Using the records below, reproduce exactly the lines from the one containing "Roller Wings" through the end, and nothing more; skip the images.

### DATA SUPPLIED
::::::::

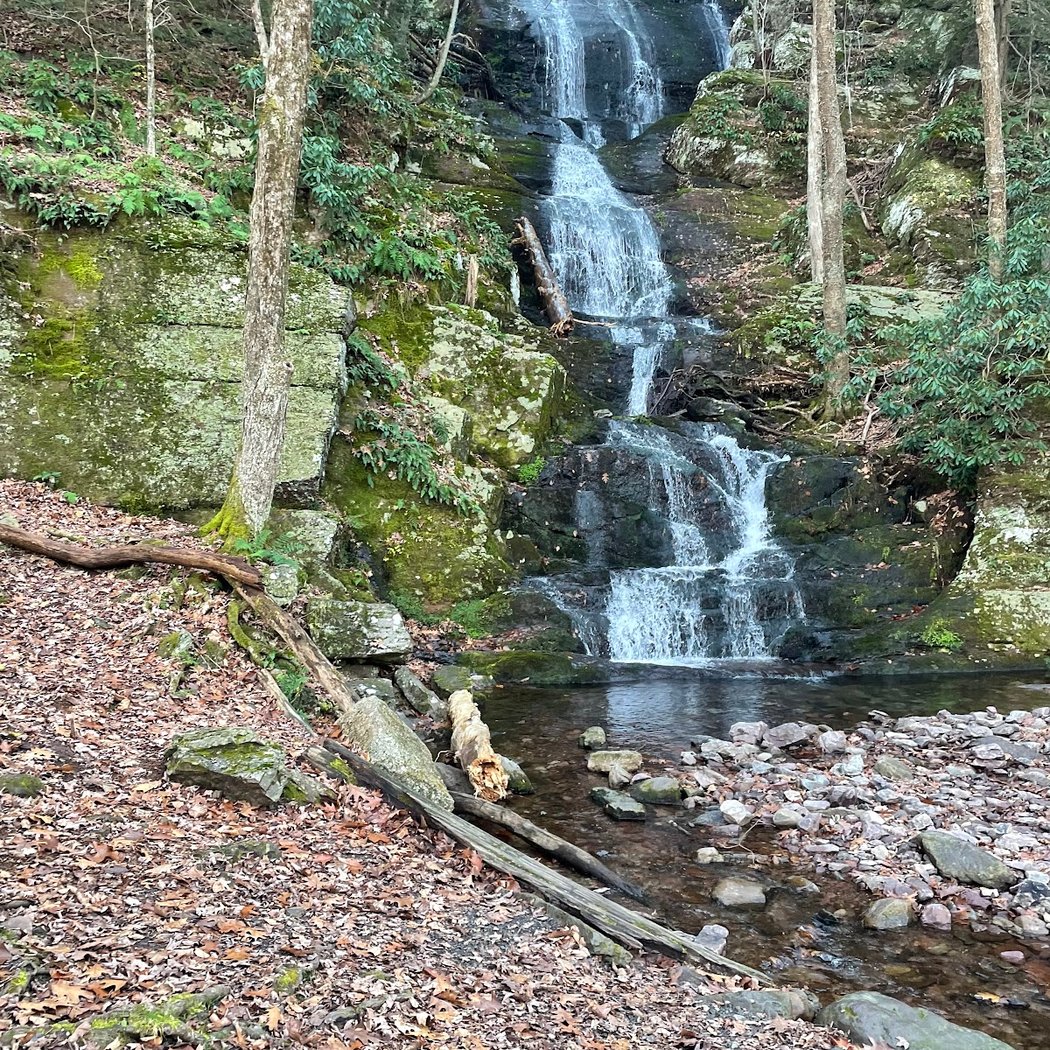 Stokes State Forest 3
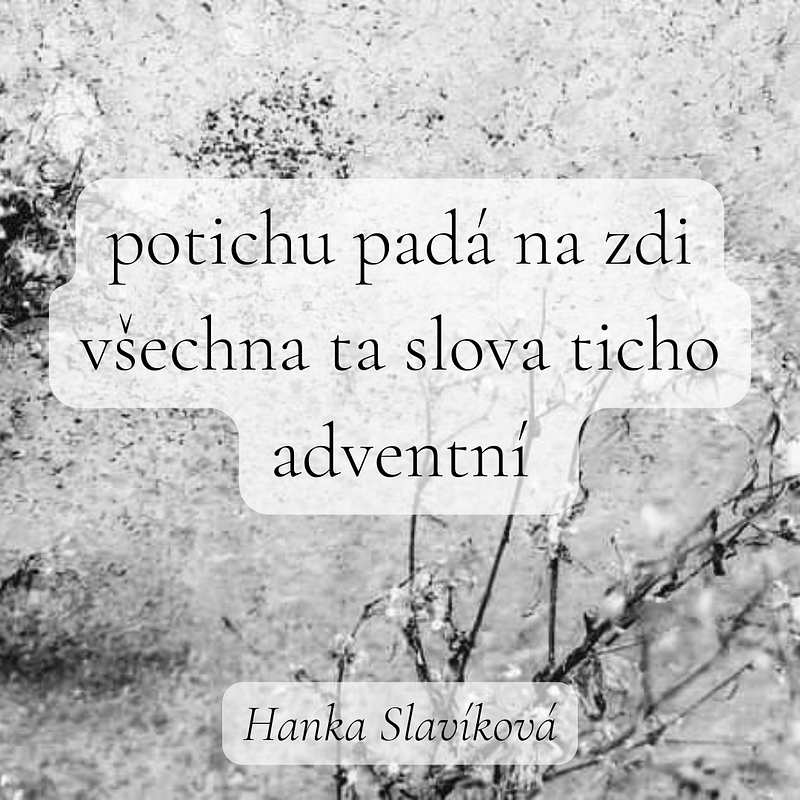 Haiku pro noviny_HS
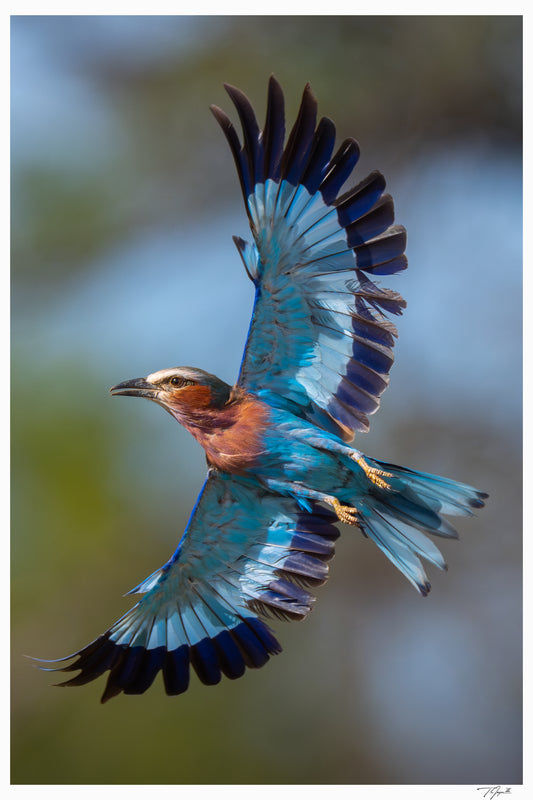 Roller Wings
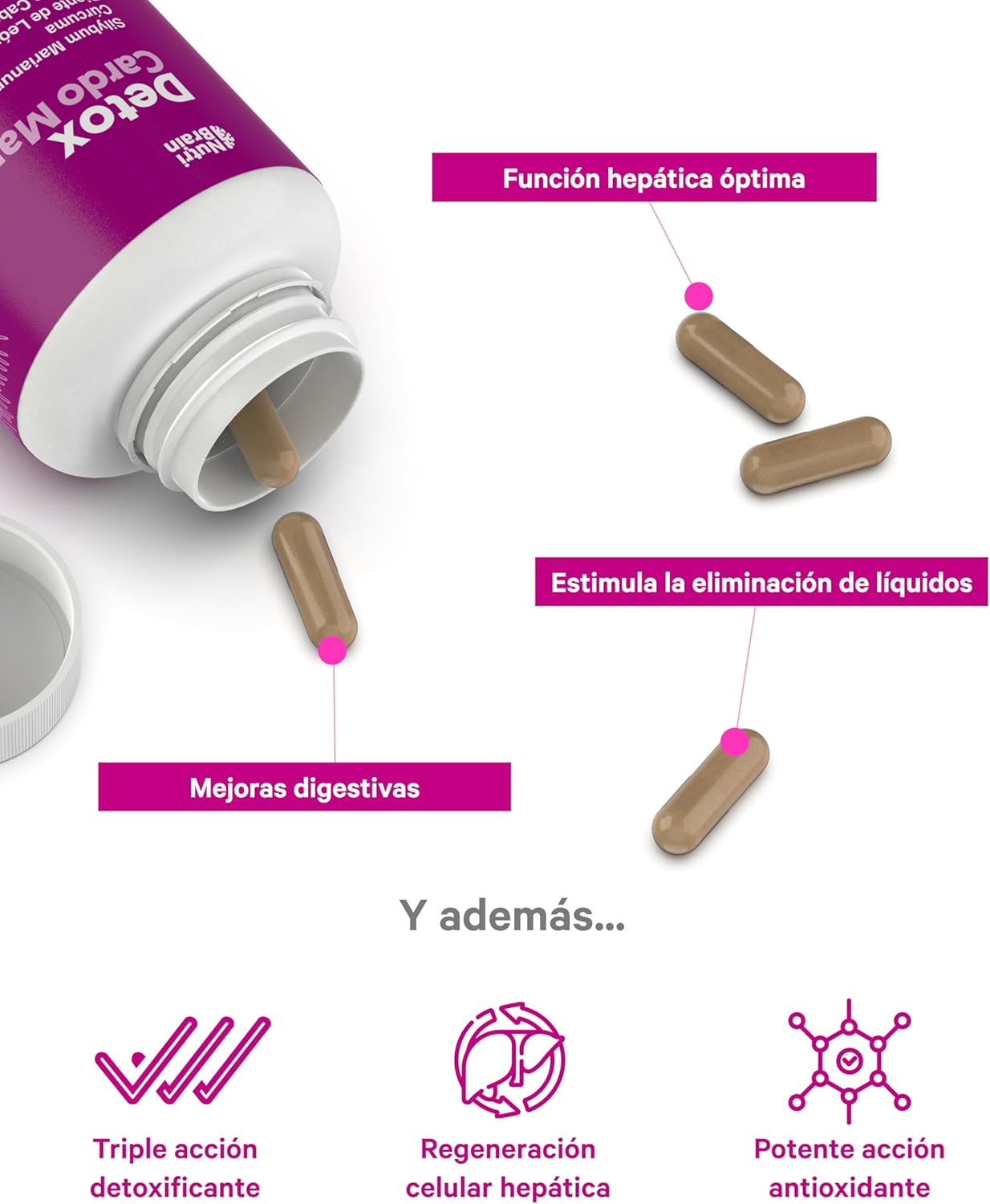 Detox Cardo Mariano Depuración Hepática Nutribrain 155 Cápsulas_3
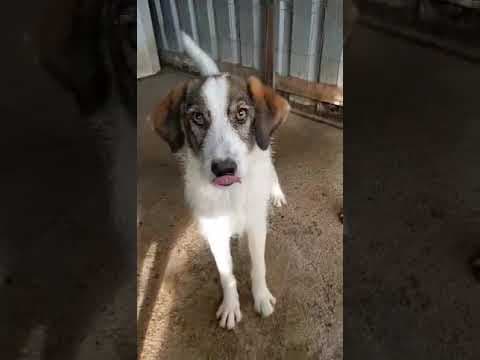 Tibiscuit en vidéo 1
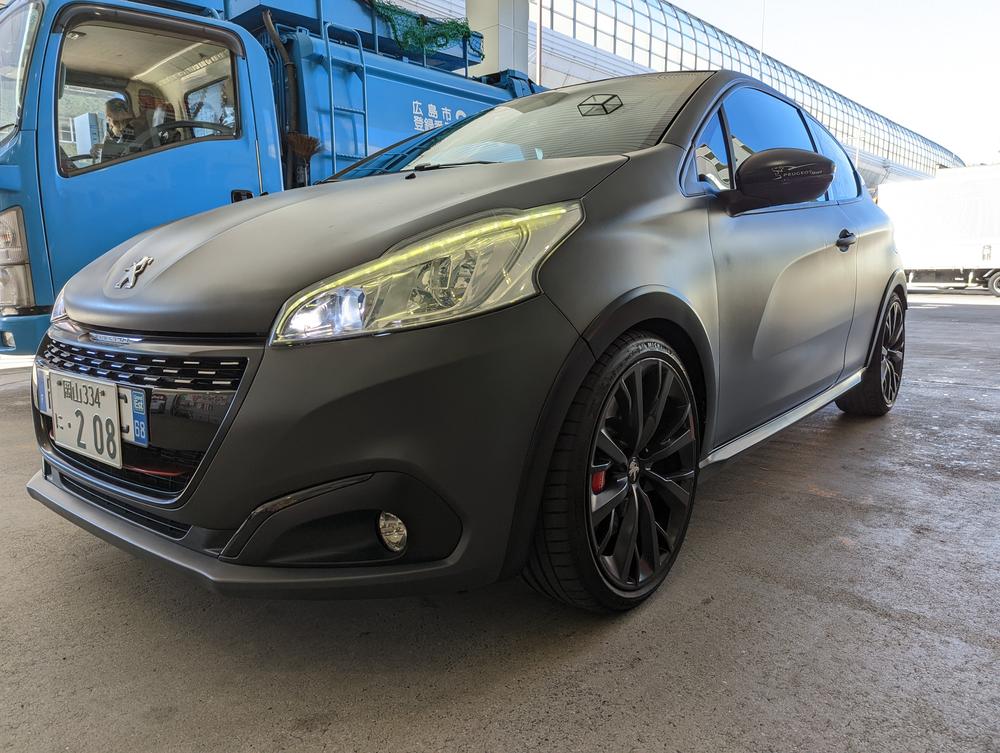 Matte Paint Coating - Customer Photo From AceHunting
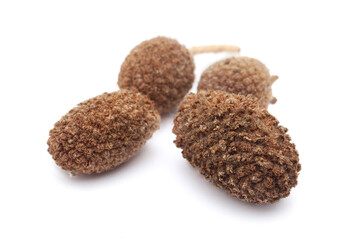 Closeup of East Indian Globe Thistle or 'Indian Sphaeranthus' or 'Gorakhmundi' (Sphaeranthus indicus) dry fruits, isolated on a white background.	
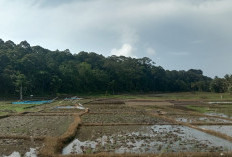 DKPPP Pesbar Dorong Percepatan Tanam, Petani Diminta Optimalkan Lahan Usai Panen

::::::::

### RESPONSE AREA
 Roller Wings
 Detox Cardo Mariano Depuración Hepática Nutribrain 155 Cápsulas_3
 Tibiscuit en vidéo 1
 Matte Paint Coating - Customer Photo From AceHunting
 Closeup of East Indian Globe Thistle or 'Indian Sphaeranthus' or 'Gorakhmundi' (Sphaeranthus indicus) dry fruits, isolated on a white background.	
 DKPPP Pesbar Dorong Percepatan Tanam, Petani Diminta Optimalkan Lahan Usai Panen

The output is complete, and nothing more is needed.